# Why are "sources" such a secret.



## Blaylock-cl (Apr 28, 2006)

The title says it all.

_Originally posted by Habanolover (7-28-2009)_

For the entire discussion go here and start at post #246:
http://www.cigarforums.net/forums/v...-habanos-beginners-informational-topic-4.html

Lately I have noticed an increase of members inquiring about "sources". This is not a new phenomenon. It has happened before and will happen again. The numbers usually rise as the the numbers of new members rises.

I know sometimes that being the "new guy" on the "outside" can get a little frustrating because I was once in the same position.

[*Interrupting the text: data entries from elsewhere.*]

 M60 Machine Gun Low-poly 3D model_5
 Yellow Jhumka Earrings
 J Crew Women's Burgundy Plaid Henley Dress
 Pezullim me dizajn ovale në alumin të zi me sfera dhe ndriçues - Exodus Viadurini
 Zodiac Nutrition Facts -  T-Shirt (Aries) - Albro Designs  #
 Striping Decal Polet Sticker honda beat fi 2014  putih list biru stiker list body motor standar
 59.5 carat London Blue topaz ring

The reason for sources being guarded so closely is that there are so many people who carelessly give away sources. When they disclose where and how they break the law, they can and do create extra scrutiny for any mentioned online vendors, as well as their customers from the US . It's happened to vendors before and, of course, has caused pretty serious issues for many of their U.S. customers as well. Mostly because people couldn't keep their source a secret. Just think about what you are asking. You want someone to tell you how they ILLEGALLY acquire something.

We all take risks by buying online but I for one, prefer to keep my risk as minimal as possible.

Also, sources do run out of stock. Say vendor X has 25 boxes of '02 BBF's and I am in love with them. If I have given out this source to multiple people then my chance of the vendor not having them when I want them is increased greatly.

Finally, you would be amazed at what a little research will produce. If you do your homework you can soon be smoking these wonderful cigars.

One of the main questions I hear is, "OK I found a source but how do I know if they are legitimate or not?". Usually if you PM a member who has experience buying online and ask them IF THE SOURCE IS LEGIT, they will be more than happy to answer if they can. Of course it helps if you have formed some kind of relationship with this person. If you are brand new here and seem to only be looking for sources/verification and have not done your own research then chances are you will not be helped at the time.

In short, take the time to get to know the members here by being active and outgoing. You will soon become privy to all the little "secrets"
and to top that off you will make friends with some of the greatest people that you could ever hope to meet.


----------